We are very happy to announce a new Zeek project now available on GitHub. The Spicy parser generator makes it substantially easier for Zeek to support and parse new protocols and file formats. I will tell you a bit more about Spicy’s capabilities and history in the following, and also show an end-to-end example of adding TFTP support to Zeek without writing a single line of C++ code. We are very interested in feedback, and I encourage you to give Spicy a try. 

Spicy Logo

What is Spicy?

Parsing network traffic is core to everything Zeek does: all Zeek scripts rely critically on the stream of events that Zeek’s built-in protocol analyzers produce by carefully decoding conversations on the network. Unfortunately, however, implementing these protocol analyzers remains one of the most challenging tasks in Zeek, as their code must robustly sift through large volumes of untrusted input—data that could have been sent by a noncompliant protocol stack, or forged by an adversary.
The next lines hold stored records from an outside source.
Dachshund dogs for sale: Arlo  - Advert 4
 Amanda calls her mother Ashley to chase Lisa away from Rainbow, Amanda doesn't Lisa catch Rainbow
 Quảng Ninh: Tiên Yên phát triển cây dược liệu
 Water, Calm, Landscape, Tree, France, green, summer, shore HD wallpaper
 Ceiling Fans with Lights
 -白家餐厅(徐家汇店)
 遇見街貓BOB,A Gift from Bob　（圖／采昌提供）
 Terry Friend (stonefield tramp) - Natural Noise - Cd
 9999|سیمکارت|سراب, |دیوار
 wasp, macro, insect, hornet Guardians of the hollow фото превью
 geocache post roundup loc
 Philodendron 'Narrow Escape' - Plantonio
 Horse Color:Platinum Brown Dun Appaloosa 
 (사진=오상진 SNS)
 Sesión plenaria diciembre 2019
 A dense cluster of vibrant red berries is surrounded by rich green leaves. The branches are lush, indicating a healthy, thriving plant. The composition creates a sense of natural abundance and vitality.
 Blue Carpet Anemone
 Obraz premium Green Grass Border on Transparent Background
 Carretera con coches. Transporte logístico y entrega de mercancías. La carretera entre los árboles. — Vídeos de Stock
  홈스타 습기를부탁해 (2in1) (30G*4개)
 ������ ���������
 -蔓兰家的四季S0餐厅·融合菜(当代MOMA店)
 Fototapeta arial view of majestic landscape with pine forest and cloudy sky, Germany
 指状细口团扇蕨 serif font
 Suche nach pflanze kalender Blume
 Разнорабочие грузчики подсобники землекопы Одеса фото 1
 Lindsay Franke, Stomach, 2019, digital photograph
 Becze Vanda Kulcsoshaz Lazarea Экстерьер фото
The time and effort it takes to implement new analyzers has arguably become the primary bottleneck for advancing Zeek’s capabilities, with hardly any new analyzers making it into the distribution in recent years.

Spicy aims to overcome this state of affairs by drastically lowering the bar for creating new analyzers. Spicy provides a new, domain-specific scripting language that is tailored to describing protocols & file formats, and it comes with a compiler toolchain that turns that language into robust C++ parsing code. Through its abstractions, Spicy brings creating protocol analyzers down to the level of writing Zeek scripts: while certainly not trivial, it becomes a task accessible to a much broader set of people.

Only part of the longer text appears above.